Die Konstruktionsunterschiede zwischen Rad Nr. 1 und Rad Nr. 2 waren gar nicht groß. Beide waren aus Stahlrohren mit Standarddurchmesser gebaut, doch waren die Rohrwände bei Rad Nr. 2 um 0,2 mm dünner. Dieser kleine Unterschied sorgte bereits dafür, dass Fahrer A auf Rad Nr. 2 wesentlich mehr Watt treten konnte.
Der Geschwindigkeitszugewinn um 6-8% ist mehr, als sich mit aerodynamischen oder superleichten Komponenten erreichen lässt. "Planing" kann auch erklären, warum manche Stahlrahmen ebenso schnell sind wie leichtere Carbonrahmen: Optimierte Flex Eigenschaften ermöglichen dem Fahrer, mehr Leistung zu bringen. Das hat einen größeren Effekt als kleine Gewichtsunterschiede zwischen den Fahrrädern. Nur wenn beide Räder die gleiche Flex-Charakteristik aufweisen, ist das leichtere Rad am Berg (geringfügig) schneller.

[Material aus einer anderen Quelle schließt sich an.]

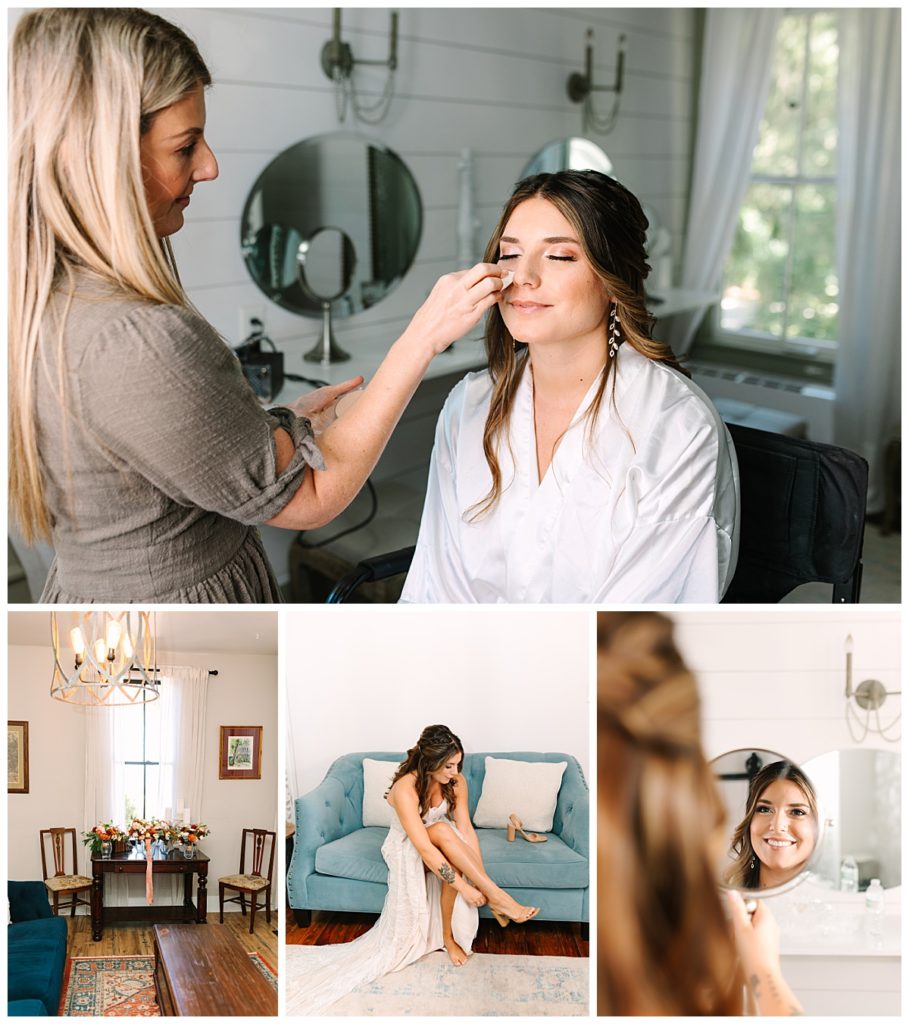 A brunette bride in a white satin robe has her makeup done in the shiplap  covered bridal suite at La Venture Grove, Florida wedding venue taken by Laura Perez Photography.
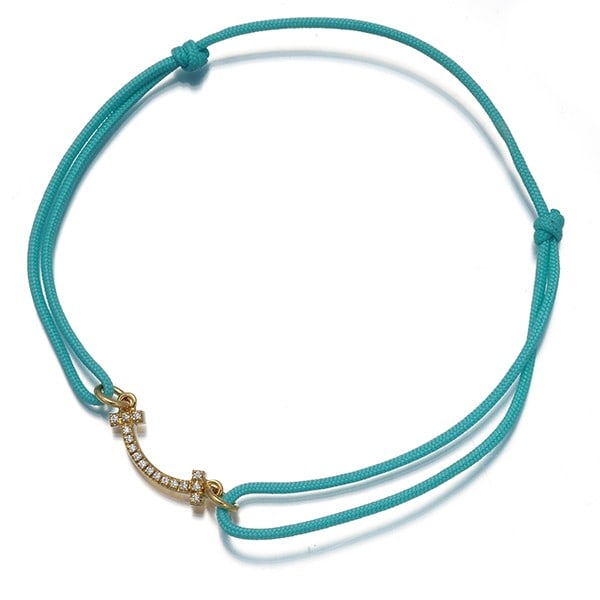 Tiffany&Co. Bracelet Diamond Tiffany T Smile 18K 750 Yellow Gold/ Cord: Tiffany&Co. Bracelet Diamond Tiffany T Smile 18K 750 Yellow Gold/ Cord Tiffany & Co.'s iconic 18K yellow gold Tiffany T Smile bracelet features a natural diamond set within its design, adding a touch 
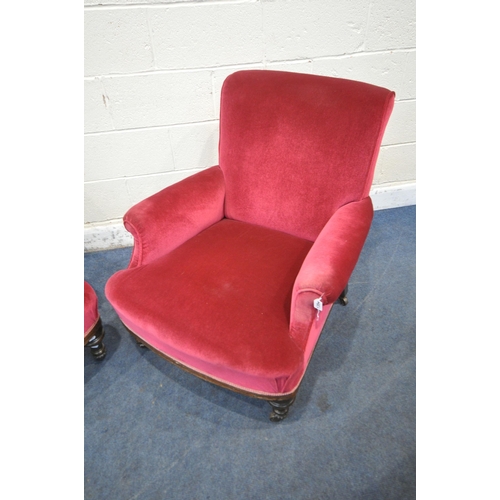 1354 - A PAIR OF EARLY 20TH CENTURY ARMCHAIRS, with maroon upholstery, on turned front legs and brass casto... 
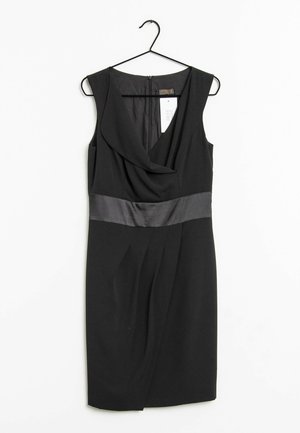 Mouwloze zwarte jurk met gedrapeerde halslijn en satijnen tailleband, hangend aan een zwarte hanger met een wit prijskaartje eraan.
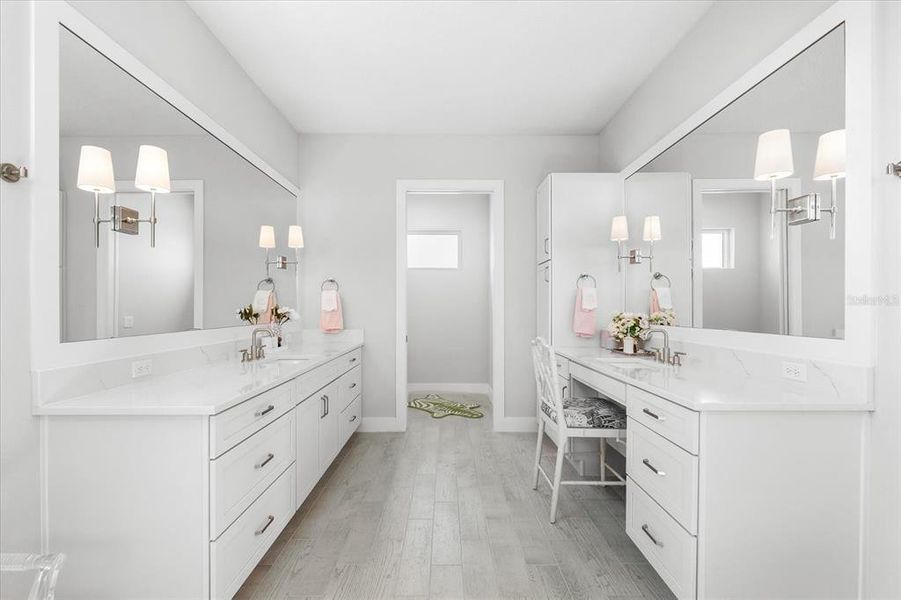 Dual vanity's in primary bathroom with separate water closet.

Aber zehrt die Verwindung des Rahmens nicht Energie? Wenn ein Rahmen sich verwindet, wird zwar Trittenergie absorbiert, diese wird jedoch zurück an den Antrieb übertragen, wenn er wieder seine ursprüngliche Form annimmt. Nur ganz wenig Energie geht durch Hysterese verloren. Theoretisch absorbieren Rahmen aus Metall weniger Energie als Carbonrahmen. In der Praxis sind die Unterschiede jedoch ohne Bedeutung."